EXERCISE INSTRUCTIONS.
Drop every picture and copy exactly the lines from the one with "Englands Harry Kane" through the last line of the listing below.

SUPPLIED INFORMATION.
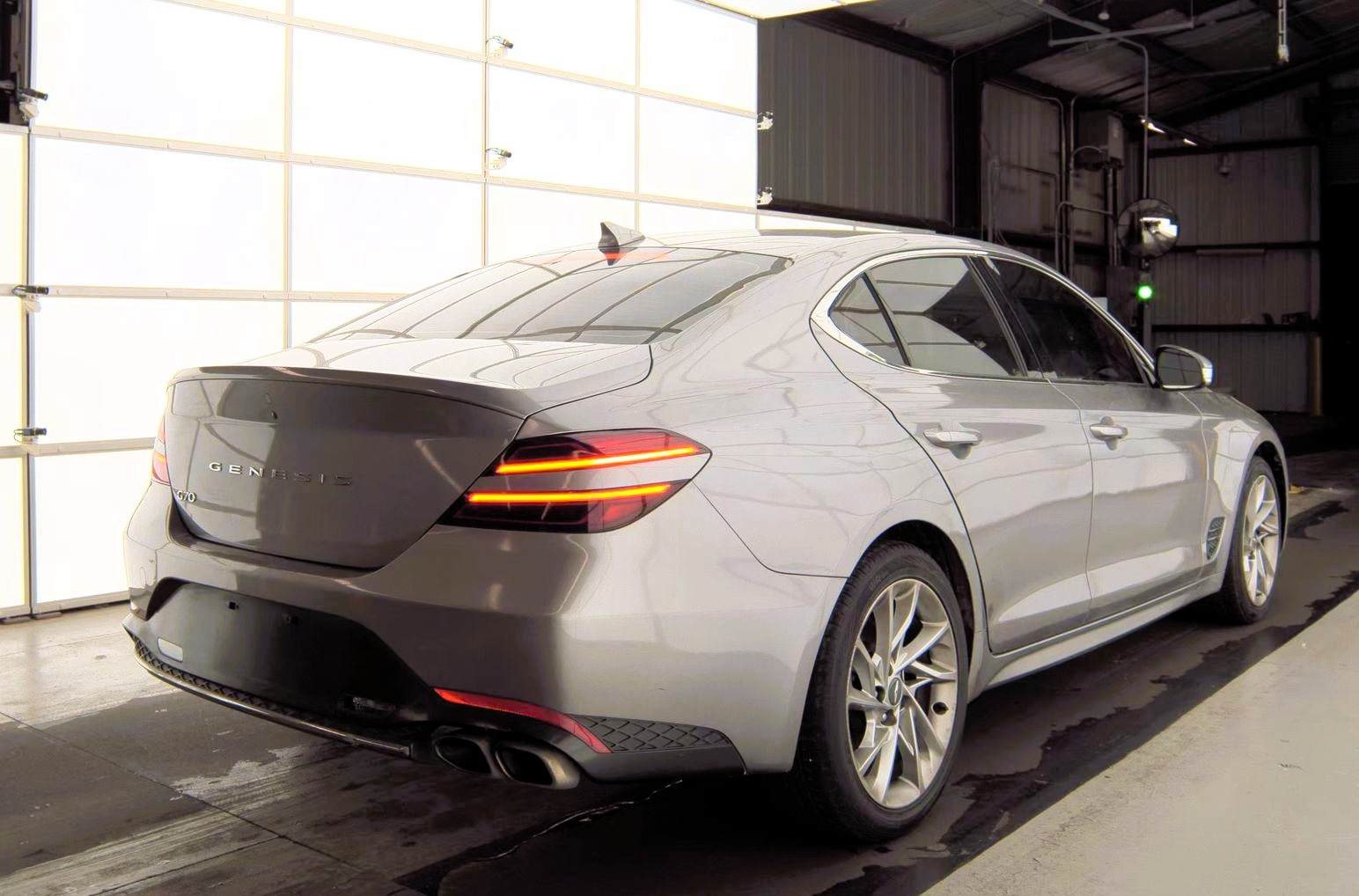 2022 Genesis G70 2.0T Prestige photo 3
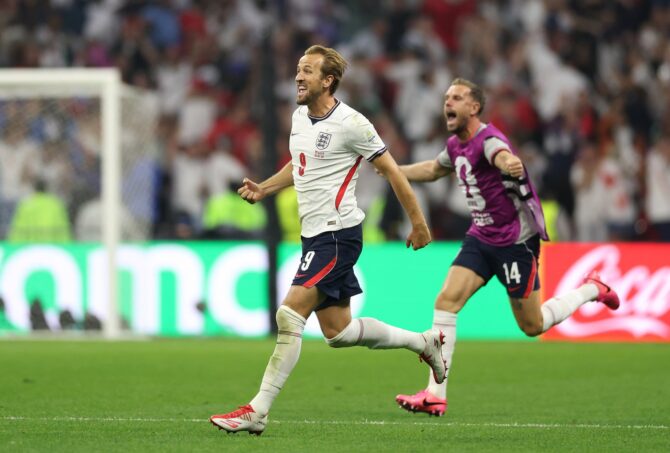 Englands Harry Kane und Jordan Henderson feiern den 3:2-Sieg im WM-2026-Achtelfinale gegen Mexiko. Aufgenommen am 5. Juli 2026 im Mexico City Stadium in Mexiko-Stadt. (Michael Steele / Getty Images South America via Getty Images)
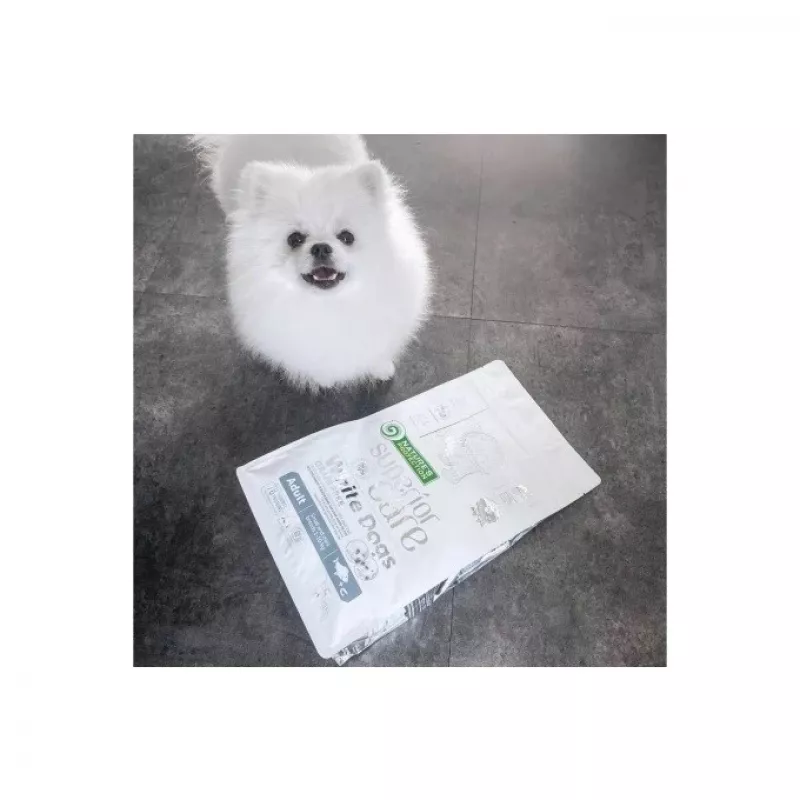 Trockenfutter für Hunde nature’s protection White Dogs GF White Fish Adult Small 4 kg — getreidefrei, Protein 24%, Fett 13%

SOLUTION TO THIS TASK.
 Englands Harry Kane und Jordan Henderson feiern den 3:2-Sieg im WM-2026-Achtelfinale gegen Mexiko. Aufgenommen am 5. Juli 2026 im Mexico City Stadium in Mexiko-Stadt. (Michael Steele / Getty Images South America via Getty Images)
 Trockenfutter für Hunde nature’s protection White Dogs GF White Fish Adult Small 4 kg — getreidefrei, Protein 24%, Fett 13%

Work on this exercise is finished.